L'utilisation de ce produit chimique en temps de guerre est expressément interdite par la CAC, car il est classé comme agent asphyxiant par l'OIAC.
Le président Joe Biden a mis en garde la Russie contre le déploiement d’armes chimiques en Ukraine.
En mars 2022, quelques semaines après le lancement de l'invasion de Moscou, Biden a promis que le président Vladimir Poutine paierait un « prix sévère » s'il autorisait l'utilisation de ces ressources interdites.
"Nous réagirons si vous l'utilisez. La nature de la réponse dépendra de la nature de l'utilisation", a déclaré le président américain.
Mais selon certaines informations, Moscou aurait ignoré cet avertissement.
La sous-secrétaire américaine au contrôle des armements, Mallory Stewart, a précédemment déclaré que la Russie avait utilisé des agents chimiques anti-émeutes dans le conflit.

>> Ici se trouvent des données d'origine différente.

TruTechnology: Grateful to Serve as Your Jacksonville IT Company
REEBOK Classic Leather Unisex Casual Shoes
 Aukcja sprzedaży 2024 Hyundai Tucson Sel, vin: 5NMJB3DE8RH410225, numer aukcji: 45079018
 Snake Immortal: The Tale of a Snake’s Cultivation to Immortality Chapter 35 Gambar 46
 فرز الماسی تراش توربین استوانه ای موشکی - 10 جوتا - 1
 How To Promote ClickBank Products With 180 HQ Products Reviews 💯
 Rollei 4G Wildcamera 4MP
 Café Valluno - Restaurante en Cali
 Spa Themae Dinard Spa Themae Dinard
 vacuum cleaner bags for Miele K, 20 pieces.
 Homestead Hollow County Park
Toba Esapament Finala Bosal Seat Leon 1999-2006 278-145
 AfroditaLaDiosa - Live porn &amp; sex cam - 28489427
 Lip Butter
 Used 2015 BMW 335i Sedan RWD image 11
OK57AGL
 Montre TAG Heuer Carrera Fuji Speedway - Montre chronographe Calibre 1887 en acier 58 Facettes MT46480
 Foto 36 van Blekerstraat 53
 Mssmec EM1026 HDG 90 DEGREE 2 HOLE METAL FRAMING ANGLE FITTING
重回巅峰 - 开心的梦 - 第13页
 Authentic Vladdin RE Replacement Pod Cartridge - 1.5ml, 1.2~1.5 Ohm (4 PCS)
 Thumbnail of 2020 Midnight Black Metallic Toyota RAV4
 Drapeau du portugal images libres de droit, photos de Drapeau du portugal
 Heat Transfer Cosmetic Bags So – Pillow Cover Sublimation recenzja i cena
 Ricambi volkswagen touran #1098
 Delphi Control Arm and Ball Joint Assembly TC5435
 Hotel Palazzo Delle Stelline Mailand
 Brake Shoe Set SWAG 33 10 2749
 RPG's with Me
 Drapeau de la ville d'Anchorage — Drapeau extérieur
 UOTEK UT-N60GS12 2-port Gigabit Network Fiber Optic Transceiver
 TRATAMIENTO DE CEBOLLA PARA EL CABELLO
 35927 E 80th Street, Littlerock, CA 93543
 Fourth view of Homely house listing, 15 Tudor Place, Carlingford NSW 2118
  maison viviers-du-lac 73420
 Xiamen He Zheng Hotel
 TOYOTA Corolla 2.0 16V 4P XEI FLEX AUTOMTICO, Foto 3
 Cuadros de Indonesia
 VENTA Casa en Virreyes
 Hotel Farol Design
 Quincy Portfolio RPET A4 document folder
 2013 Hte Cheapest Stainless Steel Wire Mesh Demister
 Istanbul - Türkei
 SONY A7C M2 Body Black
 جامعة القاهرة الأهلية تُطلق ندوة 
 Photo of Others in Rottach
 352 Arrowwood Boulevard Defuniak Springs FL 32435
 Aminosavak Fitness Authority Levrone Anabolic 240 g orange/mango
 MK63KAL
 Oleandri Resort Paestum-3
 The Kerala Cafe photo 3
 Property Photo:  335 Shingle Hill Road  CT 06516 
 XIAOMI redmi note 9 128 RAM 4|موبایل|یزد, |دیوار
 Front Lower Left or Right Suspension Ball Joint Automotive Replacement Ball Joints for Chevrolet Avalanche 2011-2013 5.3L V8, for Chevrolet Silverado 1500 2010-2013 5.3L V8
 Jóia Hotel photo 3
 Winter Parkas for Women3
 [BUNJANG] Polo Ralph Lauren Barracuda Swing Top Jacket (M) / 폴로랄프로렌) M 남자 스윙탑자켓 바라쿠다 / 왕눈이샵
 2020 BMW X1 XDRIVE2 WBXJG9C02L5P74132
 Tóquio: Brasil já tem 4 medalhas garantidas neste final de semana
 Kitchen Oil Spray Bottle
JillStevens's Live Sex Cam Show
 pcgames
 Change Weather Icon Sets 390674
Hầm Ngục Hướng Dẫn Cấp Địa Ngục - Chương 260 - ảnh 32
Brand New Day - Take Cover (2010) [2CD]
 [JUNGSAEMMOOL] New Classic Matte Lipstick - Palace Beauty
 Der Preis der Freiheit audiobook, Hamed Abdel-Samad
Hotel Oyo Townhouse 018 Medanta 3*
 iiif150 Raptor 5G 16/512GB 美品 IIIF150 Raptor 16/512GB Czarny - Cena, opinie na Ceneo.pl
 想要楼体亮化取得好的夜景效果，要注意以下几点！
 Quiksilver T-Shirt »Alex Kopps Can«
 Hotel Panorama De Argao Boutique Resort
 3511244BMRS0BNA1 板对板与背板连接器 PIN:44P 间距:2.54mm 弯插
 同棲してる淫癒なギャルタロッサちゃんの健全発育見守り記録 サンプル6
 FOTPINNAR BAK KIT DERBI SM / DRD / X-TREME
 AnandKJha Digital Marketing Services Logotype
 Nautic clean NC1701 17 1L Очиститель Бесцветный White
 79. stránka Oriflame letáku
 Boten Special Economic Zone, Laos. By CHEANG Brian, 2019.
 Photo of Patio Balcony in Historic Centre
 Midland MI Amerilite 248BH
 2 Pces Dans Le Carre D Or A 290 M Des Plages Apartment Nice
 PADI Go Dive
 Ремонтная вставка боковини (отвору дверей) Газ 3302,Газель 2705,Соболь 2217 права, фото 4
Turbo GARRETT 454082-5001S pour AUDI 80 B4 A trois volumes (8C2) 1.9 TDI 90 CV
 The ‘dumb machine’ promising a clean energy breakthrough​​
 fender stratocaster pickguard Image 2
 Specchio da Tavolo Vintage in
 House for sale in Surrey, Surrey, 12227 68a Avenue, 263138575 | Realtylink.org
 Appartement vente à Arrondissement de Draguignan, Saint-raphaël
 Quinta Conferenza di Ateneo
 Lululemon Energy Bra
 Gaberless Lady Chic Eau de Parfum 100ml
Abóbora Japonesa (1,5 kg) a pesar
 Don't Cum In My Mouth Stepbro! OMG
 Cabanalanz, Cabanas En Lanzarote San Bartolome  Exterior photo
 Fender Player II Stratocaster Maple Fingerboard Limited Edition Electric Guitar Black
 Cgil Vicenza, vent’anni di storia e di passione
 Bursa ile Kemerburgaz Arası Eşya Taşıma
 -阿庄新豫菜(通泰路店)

Et l’Ukraine affirme que ses troupes ont été confrontées à une multiplication d’attaques chimiques ces derniers mois.
L'agence de presse Reuters a rapporté plus tôt cette année que les forces russes avaient utilisé des grenades chargées de gaz lacrymogènes CS et CN.
Le rapport ajoute qu'au moins 500 soldats ukrainiens ont été soignés pour exposition à des gaz toxiques et que l'un d'entre eux est mort asphyxié par les gaz lacrymogènes.
Trois organisations russes liées au programme d'armes biologiques et chimiques du pays ont été sanctionnées par le Département d'État pour leurs liens avec la production d'agents chimiques.
D'autres entreprises ayant contribué à des entités gouvernementales ont également été sanctionnées.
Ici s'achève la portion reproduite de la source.